Task item: From the line with "rolling green hills" to the end of the data below, restate each line word for word, both ends included, without the pictures.

(Records from a data source)
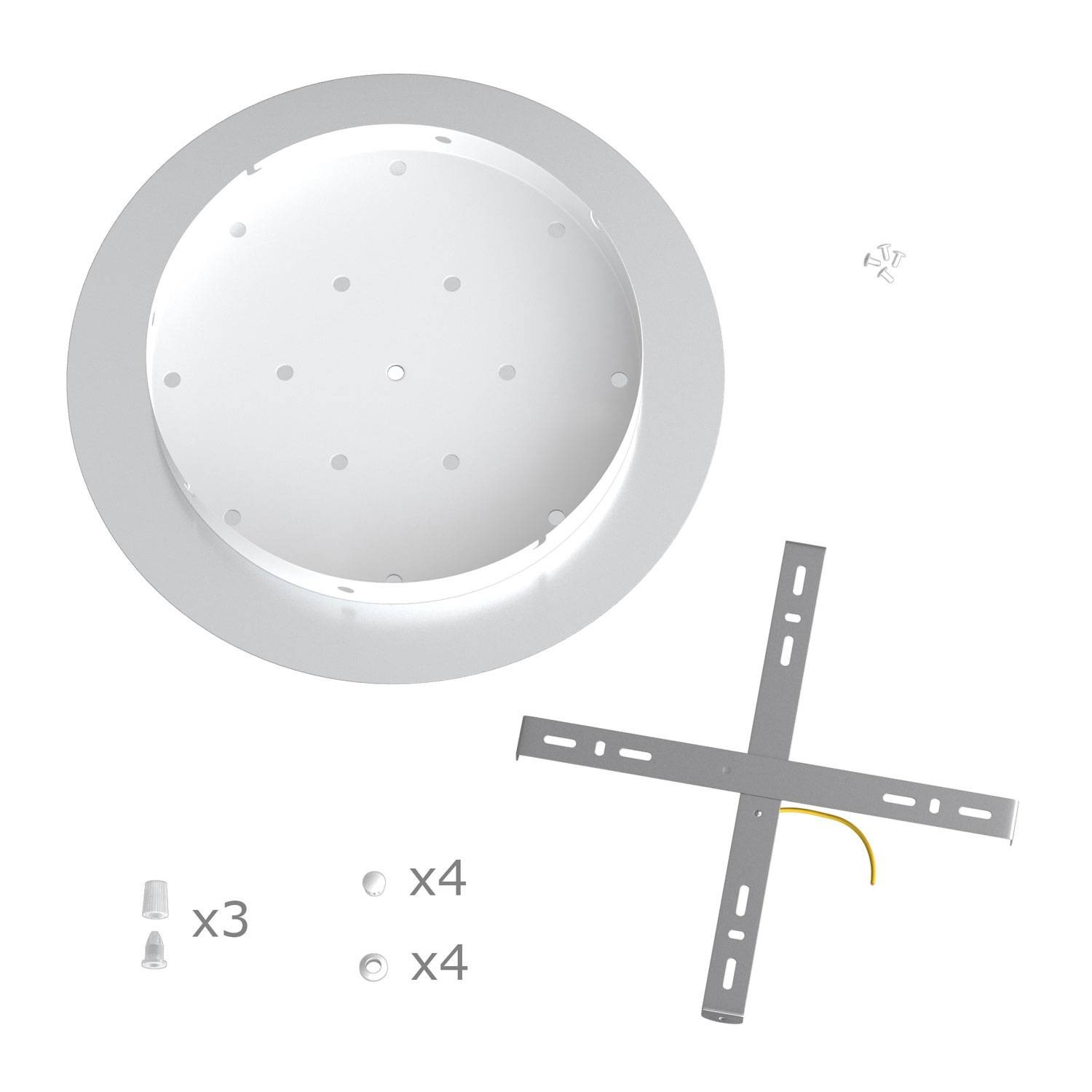 3 Hole in line - EXTRA LARGE Round Ceiling Rose Canopy- 400mm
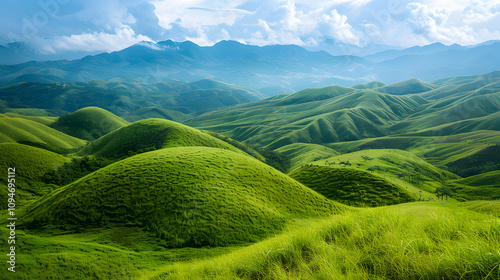 rolling green hills lush meadows and towering mountains set against a backdrop of a vast blue sky showcasing the untamed beauty of nature in summertime with white shades, minimalism, png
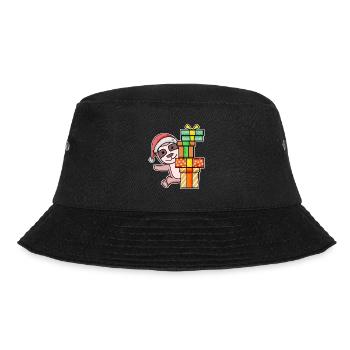 Christmas Sloth with gifts - Bucket Hat - black - Front - Lela (165cm)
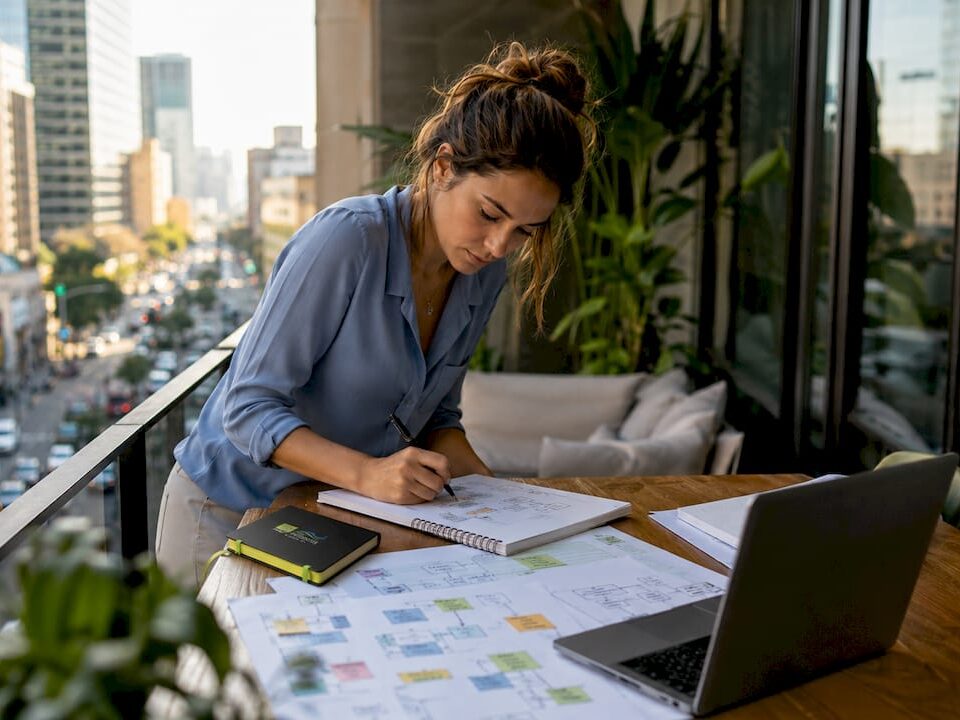 Marketing professional sketching workflow plan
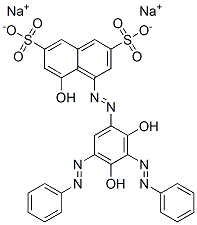 disodium 4-[[2,4-dihydroxy-3,5-bis(phenylazo)phenyl]azo]-5-hydroxynaphthalene-2,7-disulphonate Structure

Output below:
 rolling green hills lush meadows and towering mountains set against a backdrop of a vast blue sky showcasing the untamed beauty of nature in summertime with white shades, minimalism, png
 Christmas Sloth with gifts - Bucket Hat - black - Front - Lela (165cm)
 Marketing professional sketching workflow plan
 disodium 4-[[2,4-dihydroxy-3,5-bis(phenylazo)phenyl]azo]-5-hydroxynaphthalene-2,7-disulphonate Structure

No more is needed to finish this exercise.